Wednesday, May 15, 2013

Bun in the oven

This post was actually written on March 18, 2013, but I didn't ever get around to posting it...

Today I feel like writing. I have wanted to feel like writing for a long time, as so much has happened since my last post, over eight months ago, but the urge never struck and the words weren't there. Today I think I have words.

About this time last year Damon and I started really discussing the possibility of growing our family and having a baby. This has been a dream of mine since I was a kid. I have always loved children and wanted more than anything to have my own opportunity to experience pregnancy and become a mother. We discussed it for a while and decided on a time we felt would be best to start trying.  On Saturday, August 25, our 18 month anniversary, I decided to take a pregnancy test. I knew in my heart that I was, there had been too many signs for me to ignore, but I kept telling my brain to calm down and not get my hopes up. I will not ever forget that morning. After a few minutes I went and fetched the test out of the bathroom and sat back down on our bed. Upon taking it back out of the package and seeing only one pink line, I announced "aaaand, it's negative...... Wait. WAIT!!! NO IT ISN'T!!!!" There it was. My second pink line. So so faint, but definitely there. I was just under 4 weeks pregnant. Damon didn't believe me at this point, but you better believe that I'd read all that packaging before hand and knew very well that it didn't matter how faint, a second pink line meant a baby.
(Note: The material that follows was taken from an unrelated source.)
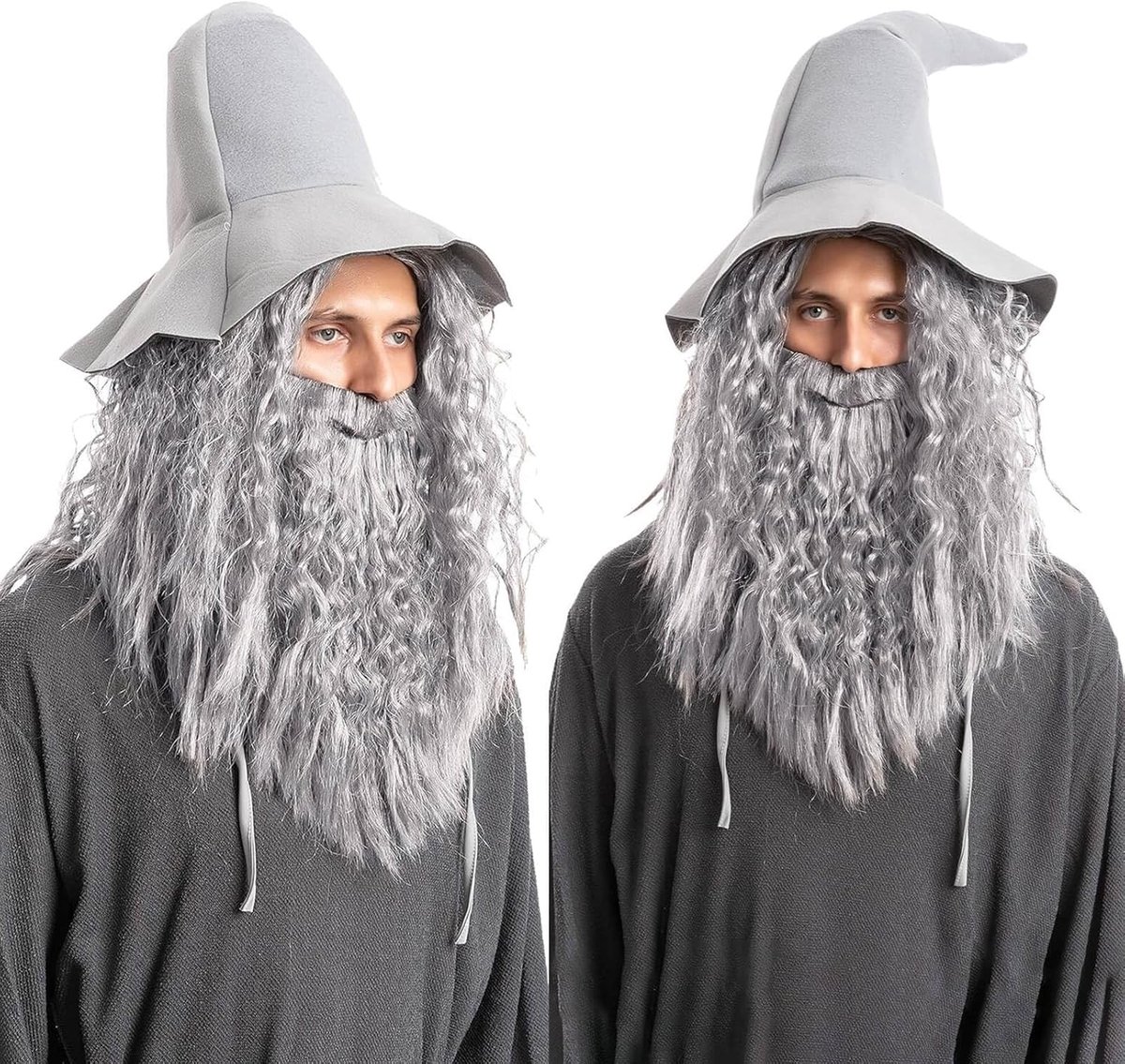 Langharige Grijze Krullende Peruk en Baard voor Cosplay, Halloween en Feestelijke Kostuums voor Mannen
I remember just sitting there stunned knowing that our lives were changed forever. There was no going back!

Basically from the moment I found out for certain that I was pregnant, I was sick. It actually even started the evening before. Just with achiness and extreme fatigue. This is a major reason I haven't written down any of this until now. For some reason, I was sure that I was going to be one of those women who adored being pregnant. It was something that I wanted so badly for such a long time, how could I not enjoy every second of it? Oh man was I wrong. This has been the most difficult thing I have ever done. I was very naive. Between the horrible "morning" sickness that lasted 24/7 from about week 6 to week 16 or 17 and the bronchitis I caught in September that lasted until February, I don't think I had ever been so miserable for so long. As bitter as it was (and still is. This third trimester stuff is the pits as well) there is a sweetness that can't be described. On December 4, 2012, we got to have our 18 week ultrasound and see our beautiful baby GIRL. Seeing her beautiful little profile and her perfect little arms and legs was enough to make any pain or discomfort go away at least for a while. Damon was over the MOON with joy when we found out we are having a girl. He's wanted a girl from the very beginning and was practically glowing as we drove home. I was expecting it to be a boy, and was prepared for it to be a boy, so I was a little shocked, but so excited, and that excitement has only grown. We are definitely meant to have this little girl.

I started feeling movement pretty early on. What felt like normal digestion bubbles and movement became stronger and much more frequent and I believe it was when I was sixteen weeks that I decided for sure that it was her moving. Those movements just keep getting stronger! I am now 33 weeks and 2 days and this kid is a kick boxer. Movement is so good and so strong (and getting more and more uncomfortable for me). Overall everything with the pregnancy has been very healthy. I am endlessly grateful.

Only 6 weeks and 5 days to go. It can't seem to come soon enough. Even though these last few months have flown by, I continue to get more and more uncomfortable and I'm sure these last weeks are going to be really difficult. My old friend first-trimester-nausea seems to be creeping back and adding that to my decreasing mobility and overall pain and achiness is just cruel. It will be worth it, I know, but there sure are a lot of un-pleasantries that associate themselves with pregnancy.